Tourists ride in a boat down a main canal in Bruges, Belgium. A brewery in the historic city is building a pipeline to send thousands of gallons of its beer to a bottling plant without clogging narrow cobblestone streets.

Virginia Mayo/AP

Top supporters of an audacious Belgian pipeline will get a bottle of beer every day for the rest of their lives. That's in return for putting more than $8,000 toward bringing a pipe dream to life, and helping a brewery remain in the historic town of Bruges.

Since last year, De Halve Maan, which produces two famous beers — Straffe Hendrik and Brugse Zot — has been making headlines for its solution to a nagging problem: How to get beer from its brewery to a bottling plant some 2 miles away without forcing large trucks to navigate the narrow the cobbled streets for which Bruges is famous.

And now, thanks to a crowdfunding project that raised more than $300,000 (according to Flanders News), the company hopes to complete its beer pipeline sometime around summer's end.

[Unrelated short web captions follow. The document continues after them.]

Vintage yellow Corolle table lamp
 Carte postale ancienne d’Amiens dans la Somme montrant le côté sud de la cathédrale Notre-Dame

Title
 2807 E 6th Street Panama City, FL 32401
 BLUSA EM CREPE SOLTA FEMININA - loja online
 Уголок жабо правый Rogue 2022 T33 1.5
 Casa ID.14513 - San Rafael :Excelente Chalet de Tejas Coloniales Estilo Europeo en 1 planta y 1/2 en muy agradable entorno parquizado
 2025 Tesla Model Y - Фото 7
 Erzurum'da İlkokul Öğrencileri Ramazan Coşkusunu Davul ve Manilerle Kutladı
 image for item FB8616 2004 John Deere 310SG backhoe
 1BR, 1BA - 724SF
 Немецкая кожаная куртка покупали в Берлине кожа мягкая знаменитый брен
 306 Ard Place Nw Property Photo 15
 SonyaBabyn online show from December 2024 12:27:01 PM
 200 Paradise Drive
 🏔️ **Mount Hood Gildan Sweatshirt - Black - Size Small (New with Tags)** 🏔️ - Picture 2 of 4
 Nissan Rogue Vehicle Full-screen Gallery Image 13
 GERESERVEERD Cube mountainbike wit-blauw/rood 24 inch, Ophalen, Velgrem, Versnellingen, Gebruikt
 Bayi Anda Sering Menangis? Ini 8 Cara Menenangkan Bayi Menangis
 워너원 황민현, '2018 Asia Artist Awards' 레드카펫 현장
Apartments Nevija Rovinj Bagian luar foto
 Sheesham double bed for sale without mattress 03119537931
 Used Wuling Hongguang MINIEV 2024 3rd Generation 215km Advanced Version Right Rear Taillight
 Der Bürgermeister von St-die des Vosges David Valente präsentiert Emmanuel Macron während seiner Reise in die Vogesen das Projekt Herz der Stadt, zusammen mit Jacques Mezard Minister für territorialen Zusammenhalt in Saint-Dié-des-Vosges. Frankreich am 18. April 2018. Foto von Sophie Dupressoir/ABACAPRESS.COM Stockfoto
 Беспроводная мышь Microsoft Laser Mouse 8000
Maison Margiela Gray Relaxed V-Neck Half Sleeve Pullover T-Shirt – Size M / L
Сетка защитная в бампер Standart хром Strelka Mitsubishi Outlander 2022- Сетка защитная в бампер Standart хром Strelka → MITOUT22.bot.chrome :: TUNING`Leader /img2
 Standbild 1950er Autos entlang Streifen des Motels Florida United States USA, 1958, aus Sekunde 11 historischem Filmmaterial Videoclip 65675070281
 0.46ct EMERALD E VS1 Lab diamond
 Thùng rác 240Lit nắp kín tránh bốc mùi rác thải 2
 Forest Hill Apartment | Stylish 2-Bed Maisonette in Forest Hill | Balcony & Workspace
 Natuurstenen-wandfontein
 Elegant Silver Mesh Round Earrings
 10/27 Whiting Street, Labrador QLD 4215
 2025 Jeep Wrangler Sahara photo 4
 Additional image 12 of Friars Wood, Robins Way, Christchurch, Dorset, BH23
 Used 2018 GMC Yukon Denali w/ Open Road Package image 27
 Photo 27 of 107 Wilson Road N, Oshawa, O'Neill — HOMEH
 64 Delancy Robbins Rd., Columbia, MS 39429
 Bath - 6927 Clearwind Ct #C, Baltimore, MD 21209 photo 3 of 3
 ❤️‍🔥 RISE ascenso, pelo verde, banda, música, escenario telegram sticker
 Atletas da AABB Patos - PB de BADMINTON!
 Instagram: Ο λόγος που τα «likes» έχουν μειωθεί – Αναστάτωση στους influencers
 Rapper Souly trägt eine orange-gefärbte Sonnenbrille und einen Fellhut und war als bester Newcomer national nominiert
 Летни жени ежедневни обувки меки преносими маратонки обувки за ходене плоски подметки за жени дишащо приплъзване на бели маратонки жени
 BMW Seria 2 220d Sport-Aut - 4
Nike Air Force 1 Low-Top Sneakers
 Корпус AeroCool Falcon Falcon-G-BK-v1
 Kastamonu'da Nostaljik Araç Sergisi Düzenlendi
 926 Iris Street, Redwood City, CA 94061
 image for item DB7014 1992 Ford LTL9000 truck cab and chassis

When he launched his plan last summer, CEO Xavier Vanneste said it was "no longer sustainable" to rely on trucks to cope with its growing production levels, particularly in a city whose core is ringed with canals.

In a recent update on the project, Vanneste tells the AP that the pipeline, which crosses at least one canal and a busy highway, will be able to handle more than 1,000 gallons of beer an hour.

"This beer pipeline means that we'll be able to remain in the city," Vanneste says on his company's website.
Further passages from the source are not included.